La vision de mon ensemble noir avait visiblement fait son effet; Ses bras se resserrèrent. Il me souleva délicatement et m'allongea sur le lit, son regard doux et amoureux. Je déboutonnai progressivement sa chemise, tandis qu'il tentait de m'enlever mes sous vêtements. En une fraction de seconde, nous étions nus, nos deux corps collés l'un à l'autre. Son torse beau et froid s'appuyait contre ma poitrine, et je sentis soudain qu'il était entré en moi. Ses pupilles dorés transpercèrent les miennes, et la fusion de nos deux corps était à son comble.
Je m'abandonnais à cette étreinte passionnée, et je ne pensais plus à rien.
Les sensations que j'éprouvais s'accroissaient de minute en minute et j'eus de plus en plus chaud; Brusquement, Edward entrelaça sa main avec la mienne; À ce moment, je ressentis en moi une explosion de plaisir; je ne pus m'empêcher de pousser un léger cri. Jamais je n'avais ressenti une telle impression;
De son coté également, Edward semblait avoir ressenti la même chose, et je vis sur son visage une certaine satisfaction; Il me regarda tendrement puis se mis prés de moi, et m'enlaça.
- C'était magique...lui annonçais-je, encore essoufflé par l'exercice.
Un petit sourire s'afficha sur son visage.
- C'était un vrai bonheur de pouvoir vivre cela, mon amour me dit-il. Je suis si heureux, ajouta-t-il radieux.
Je sentis dans son ton qu'il était soulagé que tout ce soit bien passé. Pour lui, comme pour moi, l'acte avait été merveilleux, et j'en étais plus que ravie. Je m'entortillai dans les draps et posai ma tête sur son torse. Il me caressa le bas du dos; Je profitais de ce moment si particulier que j'attendais depuis si longtemps. J'étais agréablement bien dans ses bras, et pour rien au monde je n'aurais voulu les quitter.
Soudain, Edward prit la parole.
- Bella...je ne t'ai pas fais mal au moins? Me demanda-t-il, inquiet.
- Au contraire, lui répondis-je en souriant, tu as été extraordinaire !
La joie se lisait à nouveau sur son visage. Il avait parût si soucieux de me satisfaire, que je ne pus lui cacher le plaisir qu'il m'avait fait ressentir.
Mon coeur semblait d'une légèreté surprenante. J'avais eu ce que je voulais, et ça avait été très réussi. Il ne restait plus que la seconde et dernière étape à franchir. Tout serai réglé à notre retour à Forks, et je n'aurais plus qu'à embrasser ma nouvelle destinée. Je serais désormais l'une d'entre eux; Bien sur, j'avais peur. Peur d'être comme un nouveau-né prêt à tout pour assouvir sa soif, peur de ne pas être assez forte pour résister. La seule chose qui me réconfortait était qu'Edward allait se trouver à mes cotés chaque seconde, de chaque minute de cette nouvelle expérience. Edward. Mes peurs et mes craintes s'effaçaient lorsque je sentais sa douce odeur, et ses mains qui me caressaient le visage. Il était devenu en peu de temps la chose la plus importante à mes yeux. A présent, j'étais entièrement lié à lui, et je lui appartenais, comme il m'appartenait. Nous étions ensemble et c'était le plus important.
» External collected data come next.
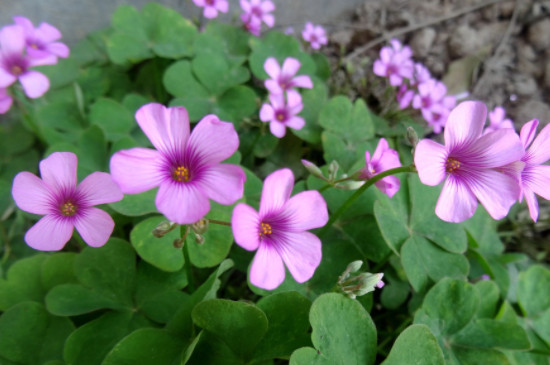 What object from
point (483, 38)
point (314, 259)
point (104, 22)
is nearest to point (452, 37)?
point (483, 38)

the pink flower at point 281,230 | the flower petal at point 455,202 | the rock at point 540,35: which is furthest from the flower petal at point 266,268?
the rock at point 540,35

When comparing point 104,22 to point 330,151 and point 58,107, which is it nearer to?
point 58,107

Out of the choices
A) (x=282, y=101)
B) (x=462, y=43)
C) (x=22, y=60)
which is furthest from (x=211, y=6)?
(x=462, y=43)

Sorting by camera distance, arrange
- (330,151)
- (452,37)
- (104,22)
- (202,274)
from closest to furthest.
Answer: (202,274) < (330,151) < (104,22) < (452,37)

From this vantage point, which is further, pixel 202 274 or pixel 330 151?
pixel 330 151

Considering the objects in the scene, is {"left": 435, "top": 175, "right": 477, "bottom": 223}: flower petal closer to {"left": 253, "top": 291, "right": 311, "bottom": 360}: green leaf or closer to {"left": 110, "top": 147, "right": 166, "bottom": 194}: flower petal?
{"left": 253, "top": 291, "right": 311, "bottom": 360}: green leaf

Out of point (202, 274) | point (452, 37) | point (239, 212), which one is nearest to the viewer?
point (239, 212)

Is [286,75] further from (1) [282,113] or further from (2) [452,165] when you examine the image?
(2) [452,165]

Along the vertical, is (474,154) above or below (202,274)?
above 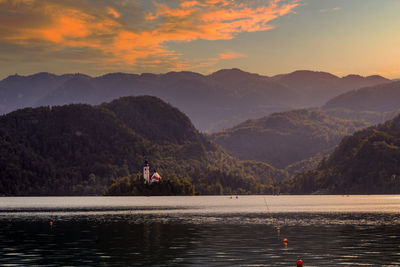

J'étais littéralement épuisé, et bien que j'aurais voulu vivre ce moment éternellement, je m'assoupis paisiblement dans ses bras. Cette nuit là, je dormis bien, sans insomnie, réveil brutal ou monologues nocturnes. En revanche, mes rêves furent particulièrement agités; Des courses poursuites interminables dans les rues sombres de Paris, ou encore une rencontre impromptue avec les Volturis. Ces mauvais rêves n'étaient plus que souvenirs, quand Edward apparut soudain dans mes divagations; Lui et moi étions dans notre clairière, serein et heureux. Brusquement, il se pencha en direction de mon cou et je sentis ses dents frôler ma peau. Ce rêve représentait sans nul doute la concrétisation de mon tout dernier souhait: demeurer immortelle pour toujours.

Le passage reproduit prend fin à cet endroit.